Jaminan sosial (social security) dapat didefinisikan sebagai sistem pemberian uang dan/ atau pelayanan sosial guna melindungi seseorang dari resiko
tidak memiliki atau kehilangan pendapatan akibat kecelakaan, kecacatan, sakit, menganggur, kehamilan, masa tua, dan kematian. Spicker (1995) dan MHLW (1999), memberi batasan dan penjelasan mengenai jaminan sosial sebagai berikut:
The term “social security” is mainly now related to financial assistance, but
the general sense of the term is much wider, and it is still used in many countries to refer to provisions for health care as well as income. Although the benefits of security are not themselves material, they do have monetary value; people in Britain, where there is a National Health Service, are receiving support which people in the US have to pay for through private insurance or a Health Maintenance Organisation. (Spicker, 1995:60). Social security systems mean the systems to enable every citizen to lead a worthy life as a member of cultured society. Social security systems provide countermeasures against the causes for needy circumstances including illness, injury, childbirth, disablement, death, old age, unemployment and having a lot of children by implementing economic security measures through insurance or by direct public spending. (MHLW, 1999:2).
(sumber: https://www.academia.edu/10203759/tugas_makalah_jaminan_sosial, 14 Januari 2016).
ILO (2002) menyebutkan bahwa jaminan sosial merupakan:
“Bentuk perlindungan yang disediakan dalam suatu masyarakat untuk masyarakat itu sendiri melalui berbagai upaya dalam menghadapi kesulitan keuangan yang dapat terjadi karena kesakitan, kelahiran, pengangguran, kecacatan, lanjut usia, ataupun kematian”.
Lebih jauh dijelaskan bahwa jaminan sosial terdiri dari asuransi sosial, bantuan sosial, tunjangan keluarga, provident funds, dan skema yang diselenggarakan oleh employer seperti kompensasi dan program komplimenter lainnya.
Michael von Hauff dalam “The Relevance of Social Security for Economic Development” mengutip kesepakatan dari the World Summit for Social Development di Kopenhagen tahun 1995, bahwa:
“sistem jaminan sosial merupakan komponen esensial dari perluasan pembangunan sosial dan dalam upaya menanggulangi kemiskinan.
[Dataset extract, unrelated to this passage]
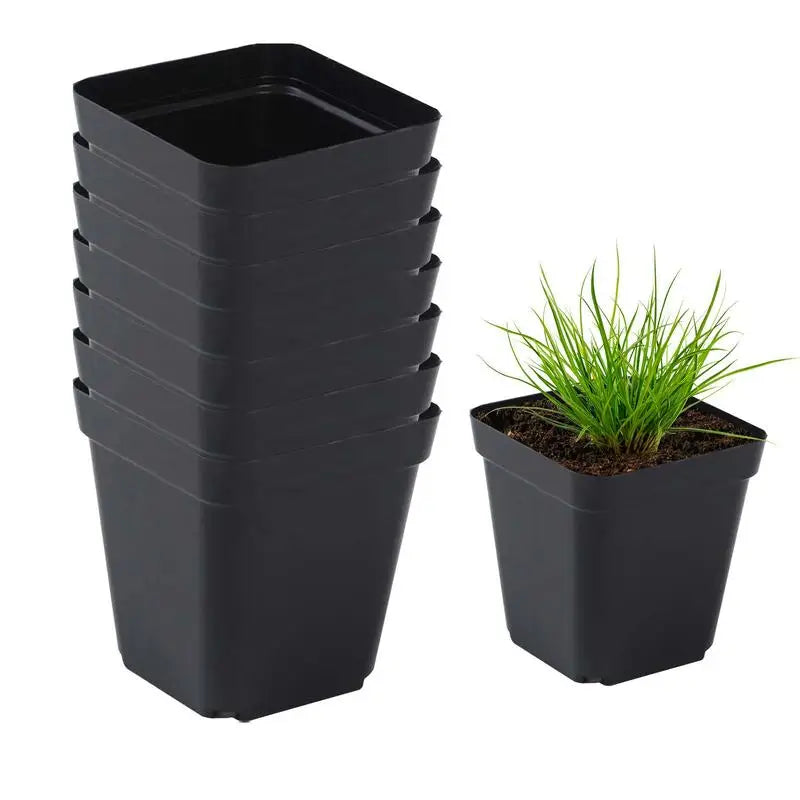 Starter Pots Plant Nursery Seed Starting Plastic Flower Container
Lebih rinci, deklarasi summit tersebut antara lain mencanangkan “to develop and implement policies which ensure that all persons enjoy adequate economic and social protection in the event of unemployment, sickness, during motherhood and child-rearing, in the event of widowhood, disability and in old age.”
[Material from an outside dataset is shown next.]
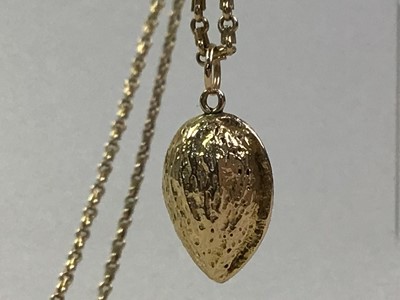 Lot 294 - NUT PENDANT ON CHAIN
Selain untuk penanggulangan kemiskinan, jaminan sosial juga berfungsi sebagai perlindungan bagi individual dalam menghadapi kondisi kehidupan yang semakin memburuk yang tidak dapat ditanggulangi oleh mereka sendiri (von Hauff dan de Haan; 1997).
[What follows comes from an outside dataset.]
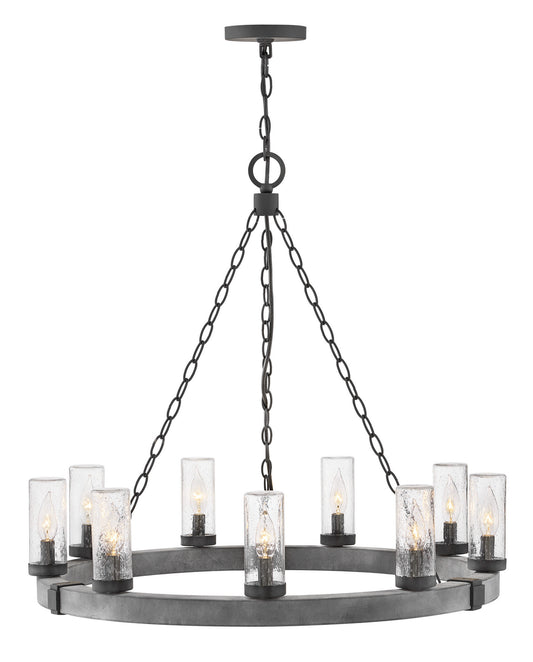 Hinkley - 29208DZ-LL - LED Chandelier - Sawyer - Aged Zinc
Barrietos dan Shepherd (2003) menjelaskan bahwa:
“Jaminan sosial lebih sempit dibandingkan perlindungan sosial. Jaminan sosial umumnya dihubungkan dengan hal-hal yang menyangkut kompensasi dan program kesejahteraan yang lebih bersifat „statutory schemes‟”.
(sumber: www.bappenas.go.id/files/1913/5029/1452/spjs.doc, 14 januari 2016). Dari pengertian diatas, maka dapat ditarik kesimpulan bahwa jaminan sosial mempunyai beberapa aspek yaitu:
1. Memberikan perlindungan dasar untuk memenuhi kebutuhan hidup minimal bagi tenaga kerja serta keluarganya.
2. Dengan adanya upaya perlindungan dasar akan memberikan kepastian berlangsungnya arus penerimaan penghasilan, sebagai pengganti atau seluruh penghasilan yang hilang.
3. Menciptakan ketenangan kerja karena adanya upaya perlindungan terhadap resiko ekonomi maupun sosial.
4. Karena adanya upaya perlindungan dan terciptanya ketenangan kerja akan berdampak meningkatkan produktifitas kerja.
5. Dengan terciptanya ketenangan kerja pada akhirnya mendukung kemandirian dan harga manusia dalam menerima dan menghadapi resiko sosial ekonomi.